2018年4月10日火曜日

『ムダな仕事が多い職場』太田 肇

 ちくま新書。
 日本の職場には無駄が多いという。非効率でだらだらと続く会議、稟議制などの意思決定の仕組み、重箱の隅をつつくようなマイクロマネジメント、顧客に対する過剰なサービス、部分最適化した完璧主義、そして無謬主義等々。これらの無駄によって先進国の中でも日本の生産性は低くなってしまっているのだという。著者はこのように現状の仕事上の無駄を分析し、その原因がどこにあるのかを指摘し、処方箋を与えてくれる。
 この無駄をなくすためには「改善」ではダメで、「革新」が必要なのだという。そして、その「革新」には外圧や内圧が必要であるとする。そのモデルとなってくれるのは、意外にも日本の中小企業なのだという。これらの企業の置かれた状況は、欧米のそれに似ており、「革新」のヒントが多く含まれているというのだ。
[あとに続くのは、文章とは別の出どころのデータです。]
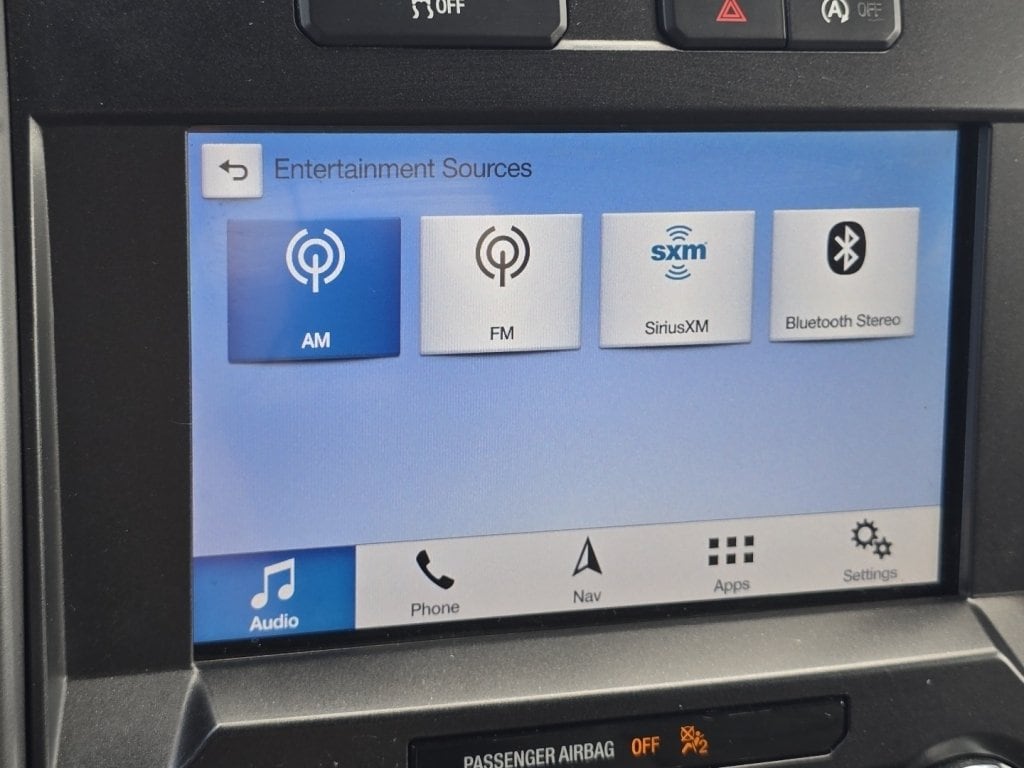 Used 2019 Ford F-150 XLT Crew Cab Pickup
 現状分析、そしてそこから脱するための処方箋ともに、実に穏当な議論をしていると思う。ただ、それはわかるんだけれど、その「革新」を行うために、日本の大企業や役所がどうやって変わっていったらいいのか、それを乗り越えるためのその壁の高さに絶望的になる。これらは構造的なものだから、社会全体の仕組みを変えるほどの外圧が必要なのではないかと感じる。今、企業や政府(行政?)の膿みがどんどん明らかになってきている最中なので、もしかしたらこれを機会に大きく変革が行われるのではないかという期待を胸にしている。